(Collection entries)
+ + +
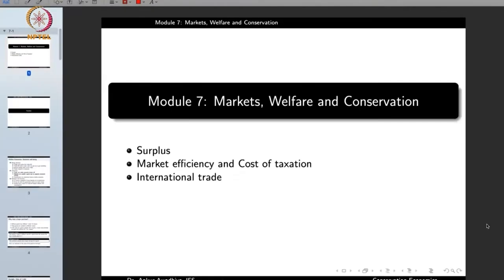Namaste. Today we begin a new module which is Markets, Welfare and Conservation. This module will have three lectures: surplus, market efficiency and the cost of taxation, and international trade. So let us begin with surplus.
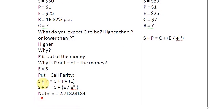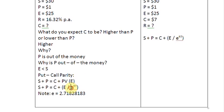Let us look at the put-call parity condition: the stock price plus the put value always equals the call value plus the present value of the exercise price. One important note: we are not discounting on a discrete basis. Instead of E over (1+R)^T, we use continuous discounting: the exercise price E divided by e raised to the power of R times T, where e is the mathematical constant 2.71828183.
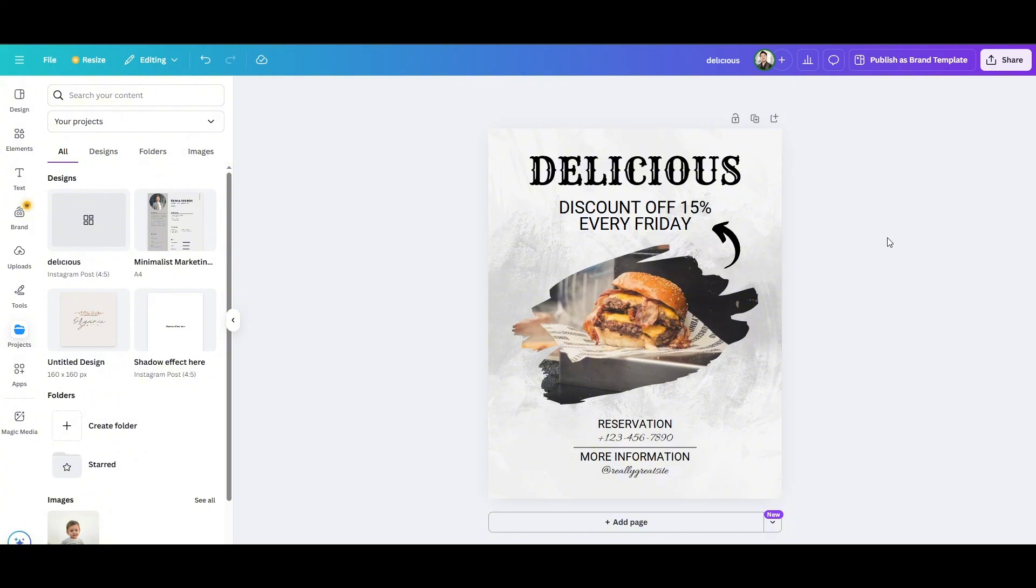First thing first is that you have to create a poster. If you don't have one, just simply go ahead and drag and drop one from the template type.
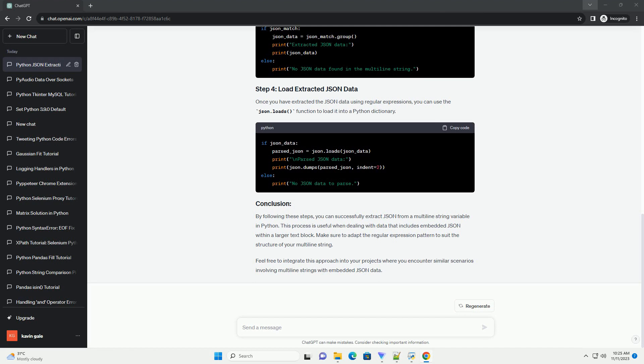Conclusion: Congratulations! You have successfully learned how to extract JSON from a multiline string variable in Python. This process is crucial when working with JSON data embedded in text, and the provided code examples should serve as a solid foundation for your projects.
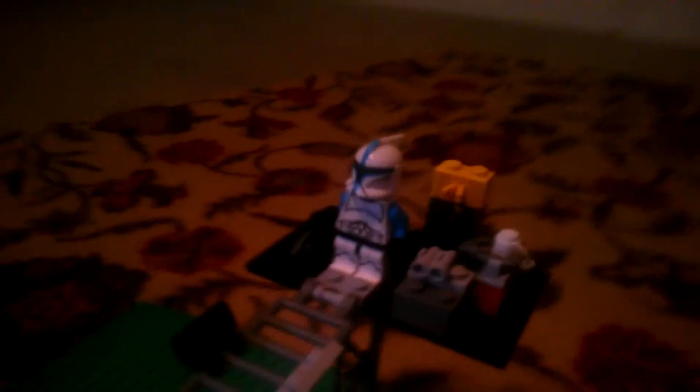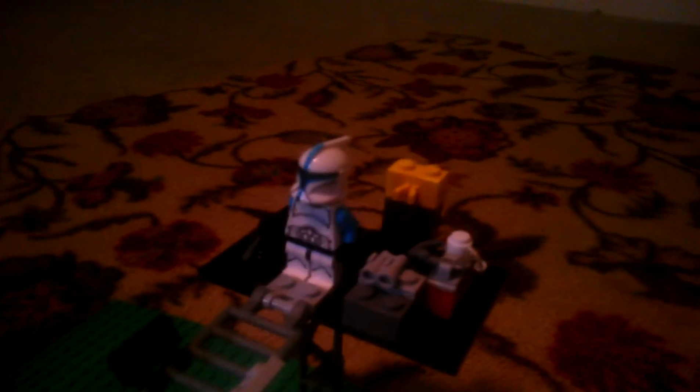This is that thing from one of the episodes where they climb that big wall. And this is my custom clone trooper. His name is Captain Jones.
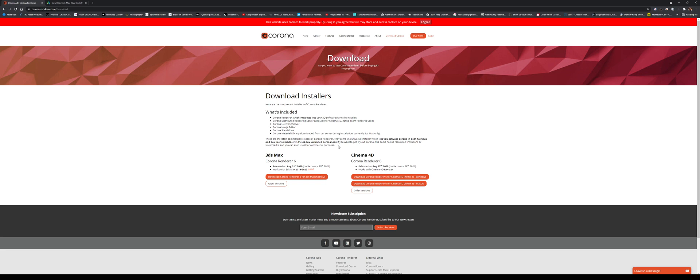So those are the two pieces of software that we'll be using for the following segment of tutorials. Again, both of them are free: 30 to 45-day trials, and that's more than enough to do what we're going to do. Because if you follow these tutorials, you're pretty much going to have a render of a vehicle by the end of the day if you're knocking them all out in one day.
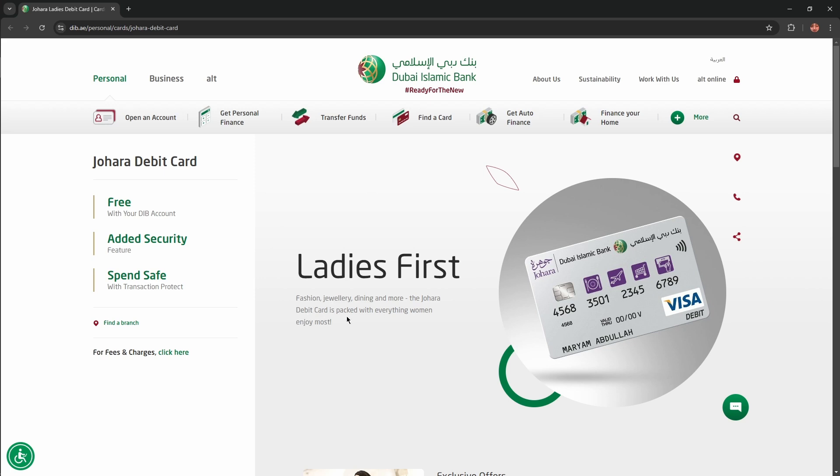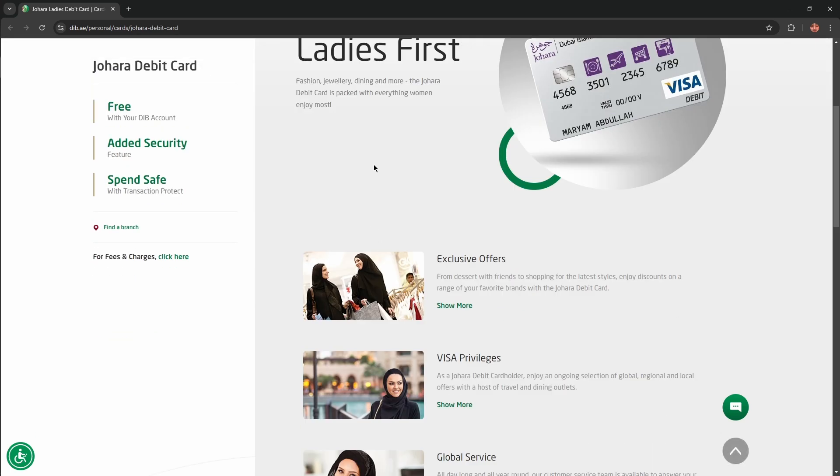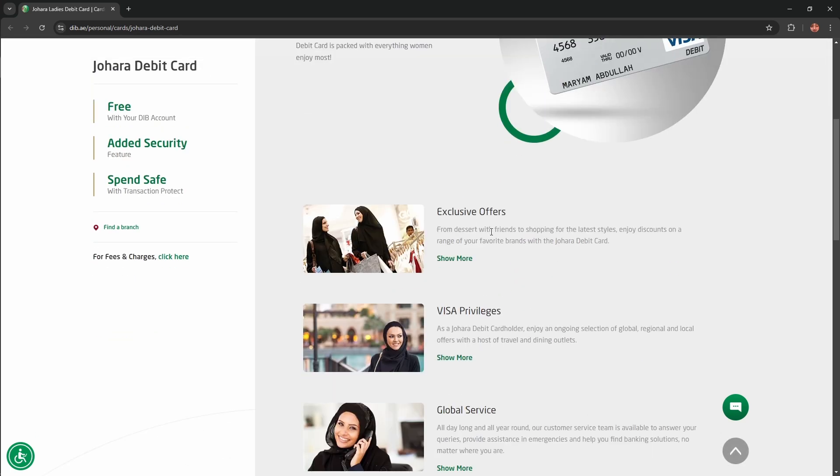The Johara debit card is packed with everything women enjoy most. Exclusive offers, from dessert with friends to shopping for the latest styles, enjoy discounts on a range of your favorite brands with the Johara debit card.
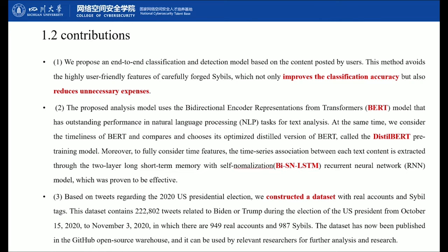Then I will introduce our contributions from three aspects. First of all, we propose an end-to-end classification and detection model based on the content created by users. This method avoids the highly user-crafted features of carefully forged accounts. It should not only improve classification accuracy, but also reduce unnecessary computational expense. In addition, the proposed model uses a bidirectional encoder representation from transformers, which is the BERT model, that has outstanding performance in natural language processing tasks. We considered the efficiency of BERT and chose its optimized distilled version, called the DistilBERT pre-training model.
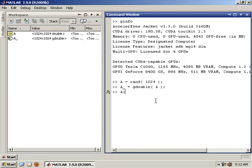Now we can do everything to A underscore that we would want to do with A, but the difference is that any operation we run on A underscore is going to get executed on the GPU and going to get accelerated. So for instance,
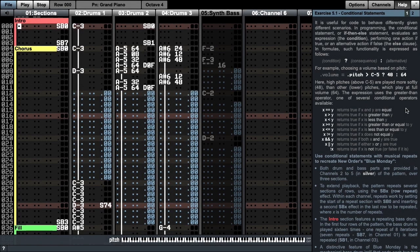Welcome to the fifth Manhattan tutorial on conditions and loops. This tutorial explores repeated musical sections as code loops and introduces the if-then-else or conditional statement. It is useful for code to behave differently given different scenarios.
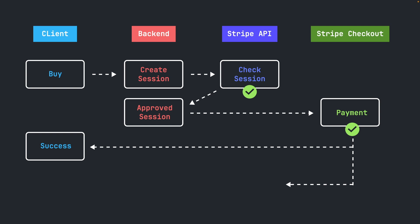At the same time, Stripe also triggers a server-side webhook event to notify the backend about a payment. A webhook is simply a trigger which sends information from one server to another when a specific event occurred, in this case when a checkout was completed successfully.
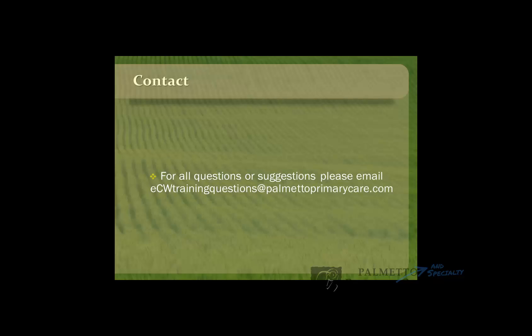If you have any questions about this video, please email us at ecwtrainingquestions at palmettoprimarycare.com. Thank you.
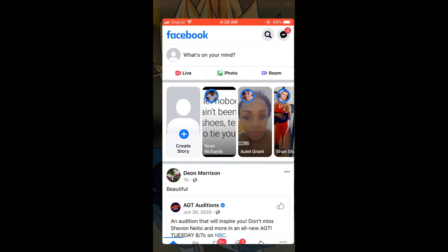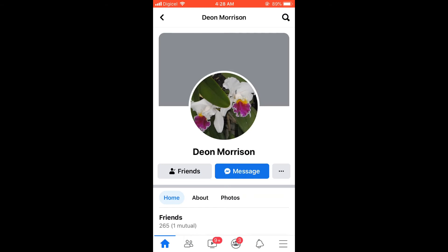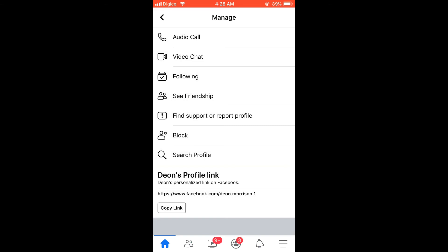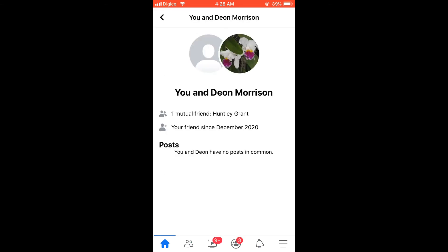First, let's go into Facebook. You will simply tap on the person or your friend's profile name. Then you're going to tap on the three dots once you're on their profile page — the three dots on the right-hand section right beside the Message button. There you're going to see and select 'See Friendship'.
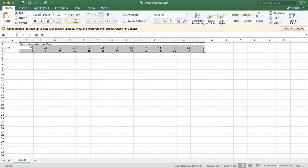What I did is I went across the river 50 centimeters. I put the measuring stick down, and it was 15 centimeters deep. Then I went another 50 centimeters across. That would be one meter across the channel, and it's 19 centimeters deep. Another 50 centimeters, so I'm 1.5 meters across. It's 45 centimeters deep, and so forth. So this is what I'm using here.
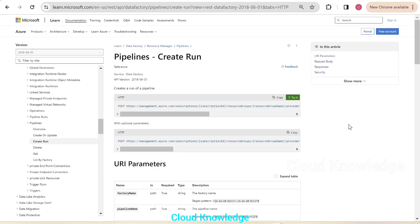Hi all. Welcome to the channel Cloud Knowledge. Today in this video, we'll study about execution of an ADF pipeline from another pipeline in the same ADF.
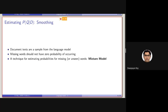What we will be doing is essentially making a mixture model out of a single language model. Basically, missing words should not have zero probability. In those cases, or for all cases, we will be smoothing with the collection probability or collection language model. The mixture model is basically the document model plus the collection model — it is called the mixture model.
+ + +
WHAT YOU SHOULD DO –
Nothing but the lines from the one with "Now we can do" up to and including the one with "If you have" should be printed, exactly as they read above. Please keep the pictures out.

YOUR SOLUTION –
Now we can do everything to A underscore that we would want to do with A, but the difference is that any operation we run on A underscore is going to get executed on the GPU and going to get accelerated. So for instance,
Welcome to the fifth Manhattan tutorial on conditions and loops. This tutorial explores repeated musical sections as code loops and introduces the if-then-else or conditional statement. It is useful for code to behave differently given different scenarios.
At the same time, Stripe also triggers a server-side webhook event to notify the backend about a payment. A webhook is simply a trigger which sends information from one server to another when a specific event occurred, in this case when a checkout was completed successfully.
If you have any questions about this video, please email us at ecwtrainingquestions at palmettoprimarycare.com. Thank you.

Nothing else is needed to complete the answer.